WHAT IS REQUIRED ▸ Only one stretch of the records below should be repeated. It starts with the line containing "Windsurfing Taster Session" and goes on through the line containing "Pack de 3 boxers 'DIM' vista 1", exactly as written.

DATA TO PROCESS ▸
⁂
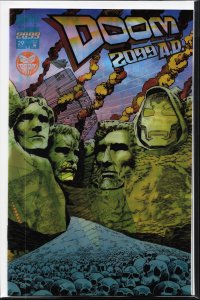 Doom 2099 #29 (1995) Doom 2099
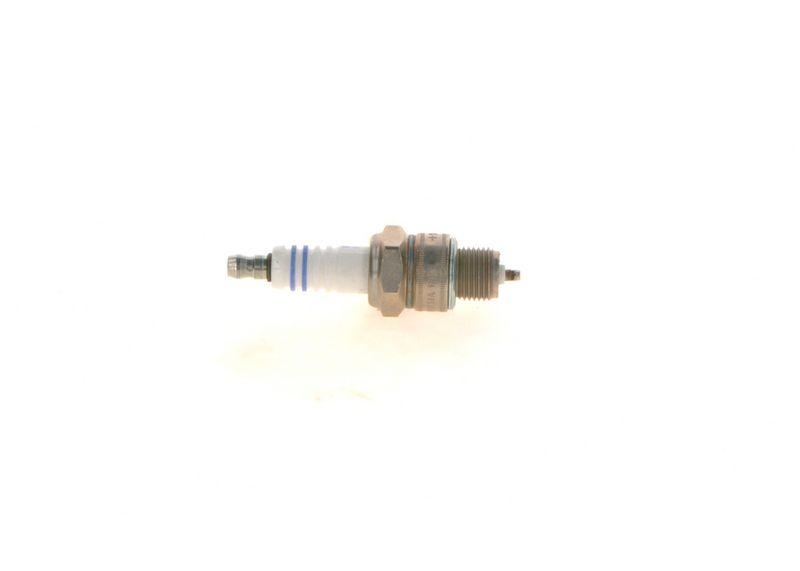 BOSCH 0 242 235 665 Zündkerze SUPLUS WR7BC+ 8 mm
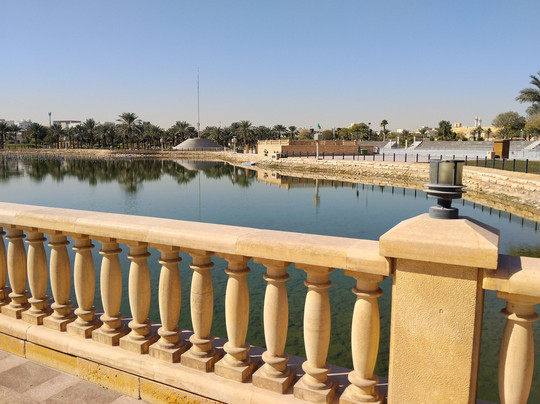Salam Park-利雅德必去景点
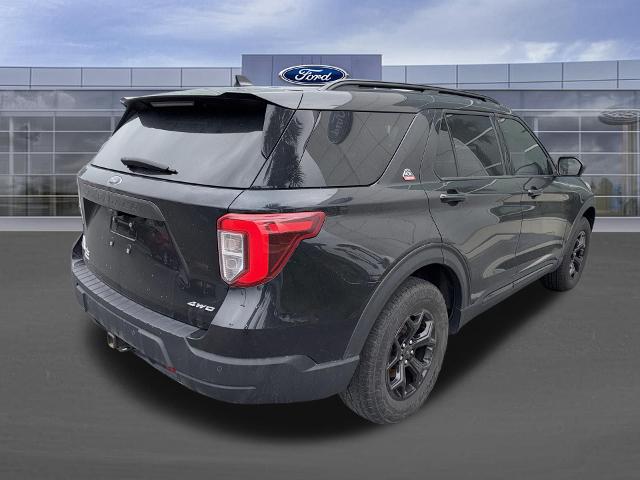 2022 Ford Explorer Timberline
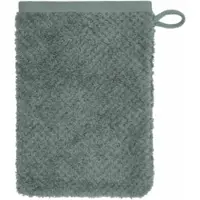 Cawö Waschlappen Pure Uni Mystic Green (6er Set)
⁂
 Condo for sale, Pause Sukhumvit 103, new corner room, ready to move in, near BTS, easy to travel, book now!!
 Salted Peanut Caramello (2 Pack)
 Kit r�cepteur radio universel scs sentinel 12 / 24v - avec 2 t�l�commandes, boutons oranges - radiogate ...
⁂
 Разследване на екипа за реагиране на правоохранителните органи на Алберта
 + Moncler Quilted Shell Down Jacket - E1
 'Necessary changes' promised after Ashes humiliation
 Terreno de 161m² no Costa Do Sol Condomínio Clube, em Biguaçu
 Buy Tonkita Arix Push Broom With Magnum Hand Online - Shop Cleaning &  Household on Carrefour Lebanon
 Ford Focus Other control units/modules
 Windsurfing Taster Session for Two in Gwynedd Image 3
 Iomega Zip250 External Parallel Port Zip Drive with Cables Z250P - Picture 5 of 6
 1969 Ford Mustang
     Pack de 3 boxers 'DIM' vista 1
⁂
ANSWER TO THIS TASK ▸
 Windsurfing Taster Session for Two in Gwynedd Image 3
 Iomega Zip250 External Parallel Port Zip Drive with Cables Z250P - Picture 5 of 6
 1969 Ford Mustang
     Pack de 3 boxers 'DIM' vista 1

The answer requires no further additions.